The other side of that coin is borrowers and that flip side is truly, exactly the opposite. Borrowers actually get paid to borrow money. Sounds crazy doesn’t it? I take out a mortgage on a house and the bank pays me? Seems like a slam dunk thing to do but the reason people are reluctant to do that in a deflationary environment is that the asset you buy could be falling in value faster than what you are paying. Again, the purpose of the negative interest rate is to encourage spending and / or investing to move the economy forward.
Interest rates (the cost of money) is the most powerful tool Central Banks around the world have to heat up or cool economic growth; inflate or deflate. The current trend of negative interest rates is to ward off deflation. The whole world experienced deflation throughout the 30’s. Modern day Japan knows all about deflation. They have been trying to turn their deflation environment around for almost 30 years. They had real estate prices falling by 70% through to 2002. Since that time they have finally just come back up to where they were in 1989.

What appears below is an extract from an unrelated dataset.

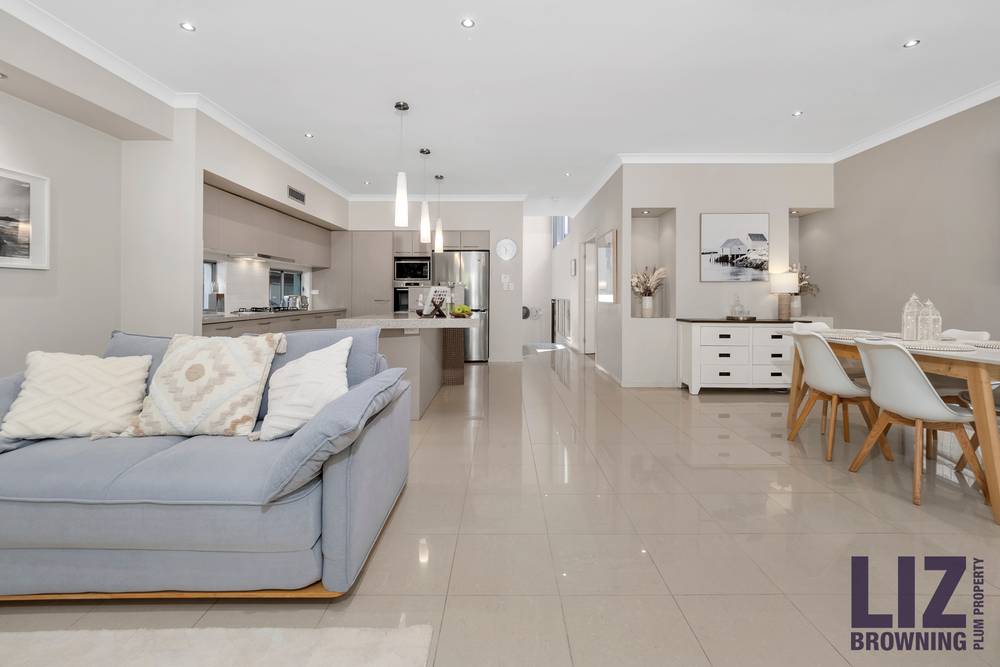 9A Kenton Street, CHAPEL HILL, QLD 4069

That is what the tool of negative interest rates is used to avoid; a deflationary environment. Trump even Tweeted about a month ago that the Federal Reserve (the US Central Bank) should lower interest rates “to zero, or less”.

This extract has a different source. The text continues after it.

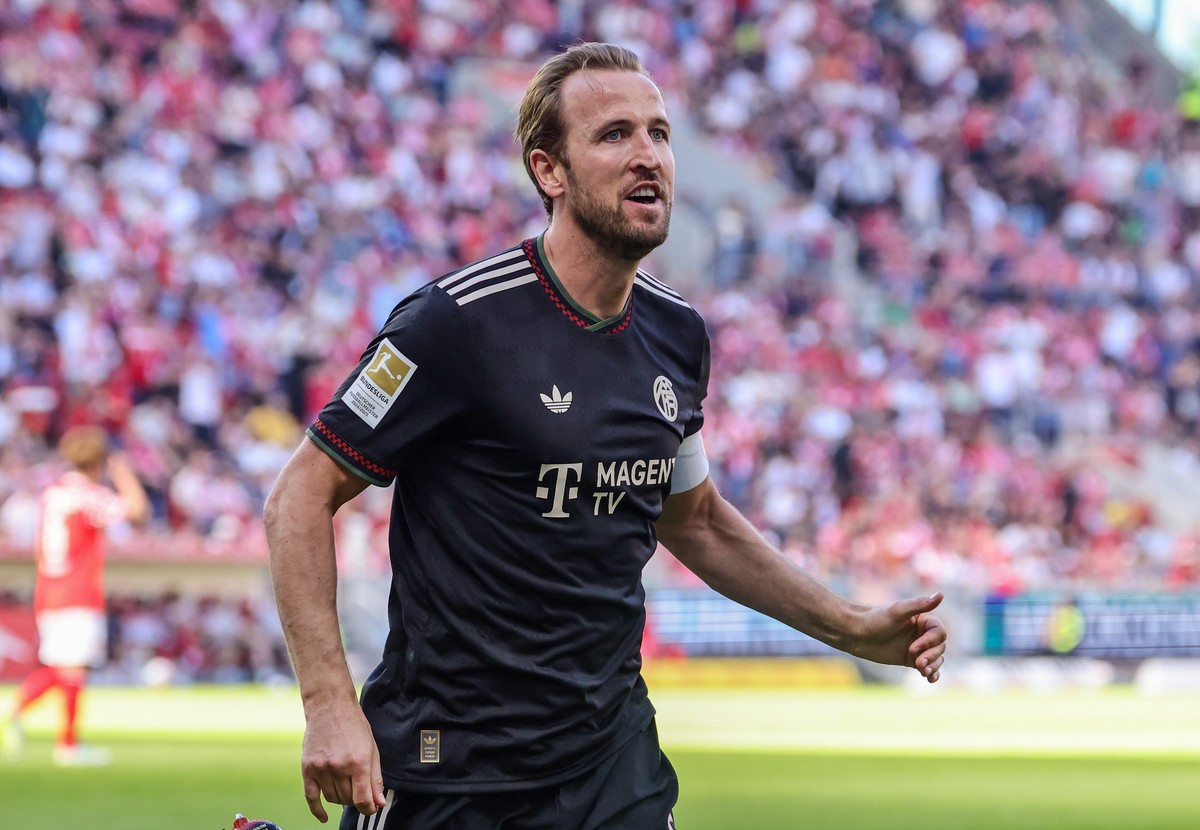 epa12913423 Harry Kane of Munich celebrates after scorng the 3-4 goal during the German Bundesliga soccer match between 1. FSV Mainz 05 and FC Bayern Munich in Mainz, Germany, 25 April 2026. EPA/RONAL ...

I remember a Portfolio Strategist, who I followed closely in the early / mid 90’s and advised on the economic big picture for tens of billions of investment dollars. His thesis was that interest rates would go lower than what we had ever seen in history. Over almost 30 years, his thesis played out. More recently, another portfolio management team leader who oversees approximately $70 billion of investment assets (my client’s included in that) has been saying for the past 10 years that the debt the world has accumulated through a borrowing binge, will take decades to unwind. It’s been 1 decade so far.
So what do you do with all of that? The best way to not only survive but thrive in a very slow growing economy is to invest in a global portfolio of businesses. These business must have:
1) Consistent earnings which have risen over time.
2) A “moat”. I’m not talking a deep ring of water around it but rather a unique product or service that is really hard to compete against and because of that, can raise its prices more than what anyone else can, for their product or service.
3) A bullet proof balance sheet.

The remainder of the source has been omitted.